Weiter zeigt sich, dass an einigen Schulen die räumliche Substanz und die sächliche Ausstattung an Unterrichtsmaterial schlecht ist. Wenn an anderen Schulen auch Bausubstanz und Ausstattung recht ordentlich sind, so ist an ihnen aber die Zeit vorbeigegangen. Die bestehenden Räumlichkeiten und die vorhandene Ausstattung an Mobiliar und Unterrichtsmaterial müssen insgesamt so hergerichtet und modernisiert werden, dass sie einer zeitgerechten pädagogischen Entwicklung und einem modernen pädagogischen und didaktischen Konzept gerecht werden. Für eine gute Ausbildung unserer Kinder kann auf moderne Unterrichtsmaterialien und ansprechende Räumlichkeiten nicht verzichtet werden.

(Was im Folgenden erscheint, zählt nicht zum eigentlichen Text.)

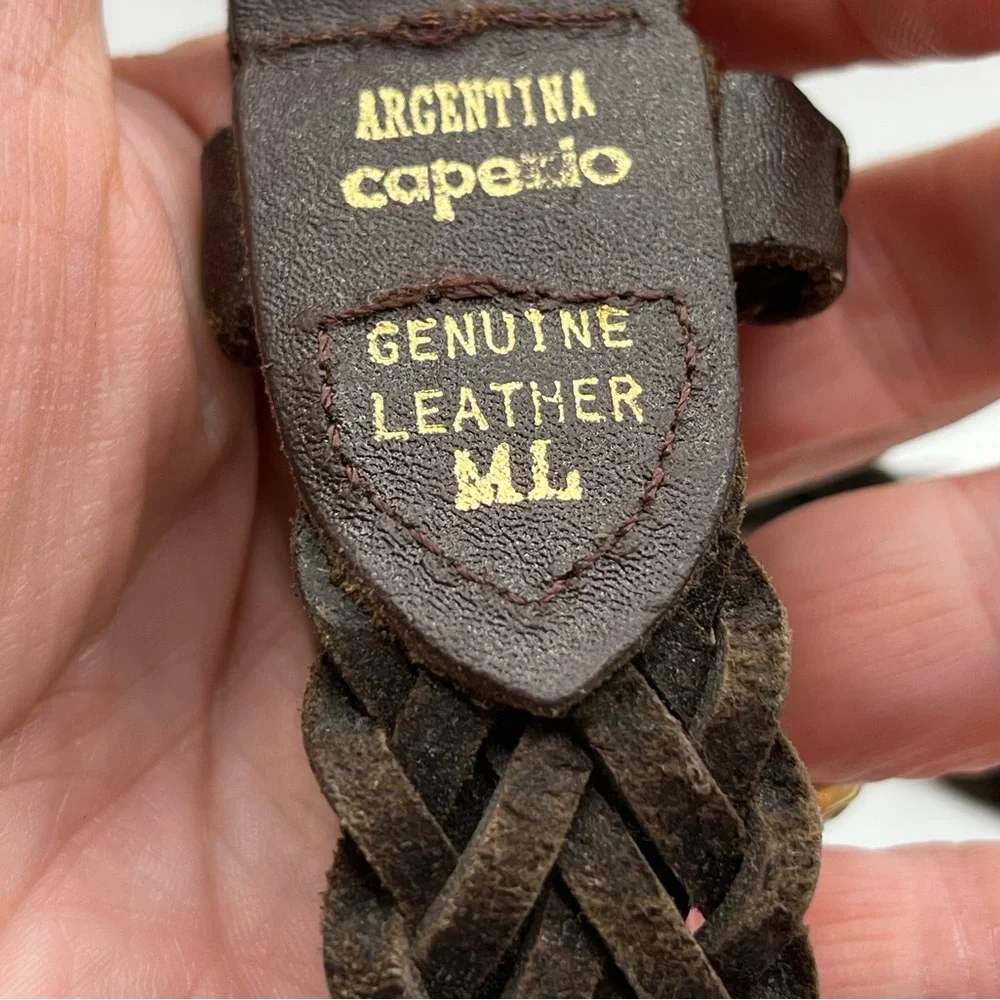 Capezlo vintage ML woven braided dark brown leather belt women boho western #5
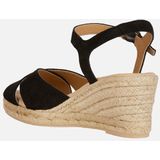 GEOX - GELSA LOW - Sandalen - Zwart - Suède Bovenwerk
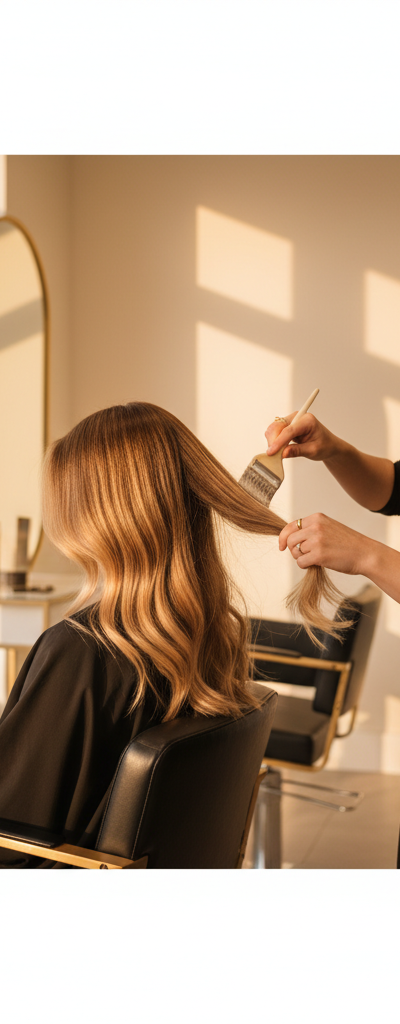 Colorista profesional aplicando balayage rubio con pincel de mano alzada en salón moderno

Die Weiterentwicklung pädagogischer und didaktischer Konzepte, die Entwicklung der Schülerzahlen und letztlich auch die Vorgaben der Landesregierung erfordern an vielen Schulen einen zusätzlichen Bedarf an Räumen für Unterricht, Betreuung, Arbeitsgemeinschaften und Verwaltung, der hinsichtlich der Wünsche der Eltern und engagierten Pädagogen und den Anforderungen unserer modernen Gesellschaft für die Ausbildung unserer Kinder unabdingbar ist.

Aus diesem Grunde wird die CDU-Fraktion in der nächsten Schulausschusssitzung am 19.März folgenden Beschussvorschlag zur Abstimmung einbringen:

Die Stadtverwaltung wird beauftragt, in Zusammenarbeit zwischen dem Schulamt, der Hochbauabteilung und den Schulleitungen für jede in der Trägerschaft der Stadt befindlichen Schule ein Schulentwicklungskonzept zu entwickeln, dass für jede einzelne Schule folgende Aspekte berücksichtigt:

(1) erforderlicher Bauunterhalt
(2) Modernisierung der bestehenden räumlichen und sächlichen Ausstattung
(3) Bedarf an zusätzlichen Räumlichkeiten

Nach Fertigstellung der einzelnen Konzepte sollen diese im Schulausschuss hinsichtlich Realisierung beraten werden.

Da die oben genannten 3 Aspekte eines Schulentwicklungskonzepts schon einzeln für sich die finanziellen Möglichkeiten unserer Stadt sehr stark beanspruchen würden, ist es dringend erforderlich, dass sie für jede einzelne Schule zu einem Gesamtkonzept zusammengefasst werden, um die vorhandenen städtischen Finanzmittel effektiver zu nutzen. Eine konzeptlose und nicht koordinierte Vorgehensweise, wie sie z.T. in den letzten Jahren praktiziert wurde, würde nur unsere begrenzten finanziellen Möglichkeiten verschleudern.

Da die zukünftigen Veränderungen in unserer Schullandschaft hinsichtlich Orientierungsstufe in den nächsten Jahren noch nicht ganz überschaut werden kann, sollten die einzelnen Schulkonzepte zuerst bei den Grundschulen entwickelt werden, die nach dem derzeitigen Kenntnisstand von der Orientsstufe nicht direkt tangiert werden.